The Old Testament reading from this week’s Lectionary comes from the prophet Zephaniah. Zephaniah’s prophetic ministry was in the southern kingdom of Judah from approximately 640 - 621 BC. He ministered during the reign of King Josiah, who was the last good and godly king of Judah. Zephaniah was probably a spiritual influence on Josiah, as this good king brought a degree of religious reform and revival in the country. The last years of Zephaniah’s life saw the beginning of the prophetic ministry of the great prophet Jeremiah. Let’s look at what our passage has to say.
God instructs the people of Judah to be quiet before Him because judgment is coming (vs. 7). He won’t listen to their pleas or complaints any longer. God wants sincere repentance, but the people won’t listen or obey, so now He calls for silence in view of His just judgment. Within approximately 40+ years the Kingdom of Judah would fall, and the people would go into captivity.

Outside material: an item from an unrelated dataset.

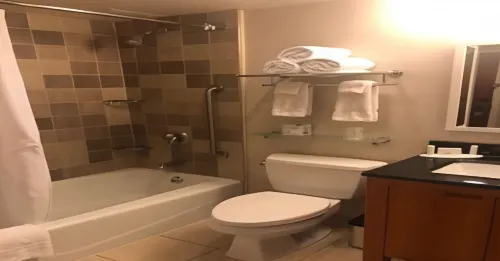 Fairfield Inn & Suites New York Manhattan/Fifth Avenue Chambres Photos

We need to be quiet, as well, and listen to and for God’s voice through His Word. When He speaks in instruction do we listen and obey, or are we like spoiled and disobedient children, who provoke the Lord to call us out, demanding our silence?
In verse 12 and following, we read that the Lord says He is searching Jerusalem with a lamp. What was He looking for? He was searching out the people’s hearts. He would search the people and punish those deserving punishment. In these years prior to the overthrow of the kingdom by the Babylonians the people had grown complacent in their sins, worship of false gods in addition to Yahweh, and wicked lifestyles. Complacency is wrong. We may think that God is inactive, and that He doesn’t see either the good or wrong we do. He does see, and He will hold off His judgment for only so long.

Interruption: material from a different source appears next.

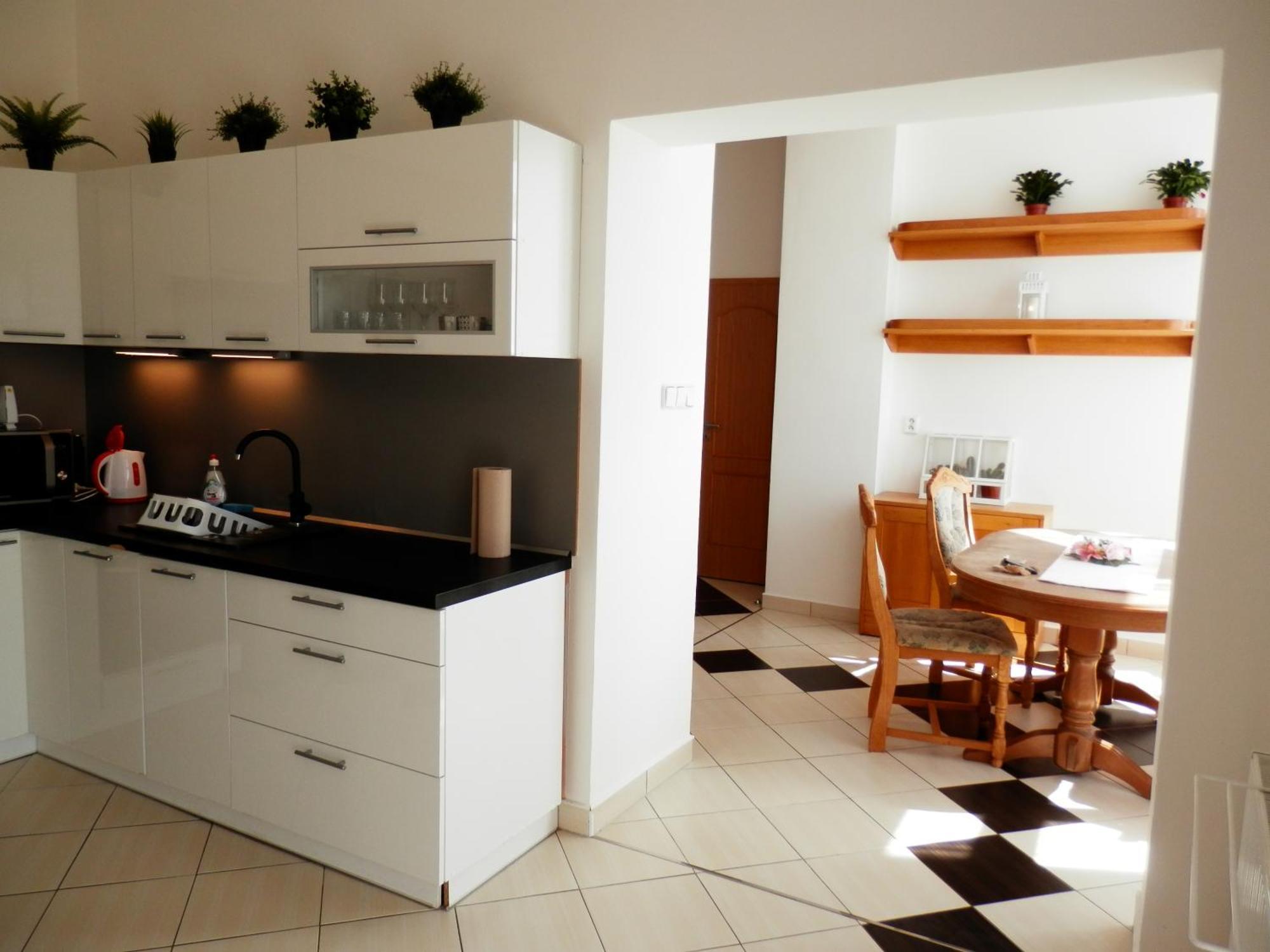 Spacious Apartment Below Spilberk Castle Brno Buitenkant foto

Zephaniah preached that since the people wouldn’t search their own hearts, and were content to live with their sins, God would do a search and bring judgment. Though many people are indifferent to their sins, God is not indifferent to them. We need to be obedient now. We never know how long we have. No one can escape God’s judgment, and there is no place to hide. Though the people took no notice of the prophet’s message, he continued to tell them that the Day of the Lord is near!
God’s final judgment will just as surely happen, as surely as His judgment fell on Judah with the Babylonian captivity happened, just as the prophets foretold. God warns the people through His prophet, that in His coming judgment, all of their money will be useless to help them (vs. 18). That warning is just as applicable today. No amount of money, no amount of political power or influence, no prestigious social standing, either, will help us out when God’s judgment will fall. The only thing that can help us then is the Blood of Jesus. The people in Zephaniah’s day were indifferent to the Lord God, but thankfully He isn’t indifferent to us. He loves us and sent His Son to die for us. Jesus’s Blood purchased our salvation. By trusting in His death on the cross for our sins, trusting in Him alone, we will be spared God’s wrath. Trust in Him, not in money or any other person.